The CIA paid the Dalai Lama $180,000 yearly stipend, and 1.7 mill, yearly for support of his "supporters. The other wealthy slave owners? Then, when the staged uprising didn't succeed in getting the Tibetan people to join in, after all they had just been emancioated by the Chinese, the CIA with the blessings of the Dalai Lama set up terrorist camps in Mustang, Nepal, wor the purpose of conducting violent raids across border. This ended in 1974 when Nixon recognized China. But Congress continued to fund the destabelising efforts, and by the 2000's were paying 2.2 million for the Dharmasala outfit, which employed most of ther Dalai Lama's family members.
Meanwhile, back in the Tibet, China built schools for the children of tghe now free serfs and slaves, and for the first time in histroy they were able to learn to read.
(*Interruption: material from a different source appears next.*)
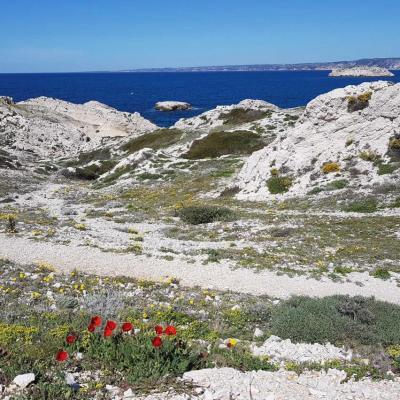 Les îles du Frioul, face à Marseille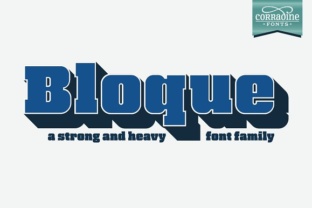 Bloque Family: A Heavy Slab Serif Font for Editorial Design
China also built roads and hospitals, as well as geothermal greenhouses so folks could have vegies to eat?
The life expectancy in the Dalai Lama's era was 35 years, but has now risen to 68 years, and the fertility rate is the highest in China.
All of this "progress" is called hunman rights abuses? I am supposed to feel some kind of sympathy for the Free Tibet movement. Please, give me a break!
The only reason why China brings up the condition of Old Tibet is to show how much progress has been made to correct the human rights abuses that existed before the Dalai Lama took the money and ran. Not to denegrate the Dalai Lama. But, when most people realize what life was like in Lhasa, they are horrified, and rightly so.
Now we have a US designed and funded riot in Lhasa with the horrific loss of innocent life, and the western media screems bloody murder, except they want to blame China. But oversees Chinese have been shocked and offended by the biased and unfair news "reports." So they have cinducted, on the net, an ad hoc invistigation, and outed the US privitized CIA network. At the same time, Xinhua is beefing up their reporting of the Chinese progress in human rights.
LOL
Meanwhile, in Nepal, 100 thousand refugees prepare to be relocated to third countries, 60 thousand to come to the US, because the "peaceful" Tibetan Buddhist leaders drove them out of Bhutan over the past 17 years in one of the worst examples of ethnic cleansing the world has ever seen.
Happy Mother's Day. And if I was a mother in Tibet today, I would want my ethnic Tibetan kid to go to school, get a good education, and have a bright future in China, not to be enthralled by more Dalai Lama intrigue.Modernization is not cultural genocide. All people, yes, even Tibetan people, have a right to embrace a worthwhile future.
Posted by: Kathy Podgers | May 10, 2008 at 11:01 PM
Well, looking at Nepal and how the sherpas are used like mules and cattles, I wonder, is it better to be Chinese mules or western mules? Just what exactly is a free Tibet suppose to bring? A change of master?
And since when is Dalai THE spiritual leader? Ban and Zen represents the 2 most sacred words in Buddaism, and the BanZen lama is regarded as the greater spiritual leader, and yet Dalai was presented as THE spiritual leader(Granted, Banzen died in 1990 and the reincarnate needs to be picked by Dalai), I suppose only the "free" leader is the true leader?
That being said nobody ever mentions the fact that Tibet was always governed by imerial China since the mongolian conquest (Dalai itself was a mongolian title bestowed by an Emperor), and as such was indeed feudal.
The sad fact is most people know shockingly little of Tibet (addmitedly, that includes me), but it is rather ludicrous to think that such romantic stories of paradise are anything but a fantasy. Much like the realities for knights in the past, there are exceptions, but generally not very romantic at all.
Tibet is history, and I've learned the hard way that, History can not be changed (it can, however, repeat itself).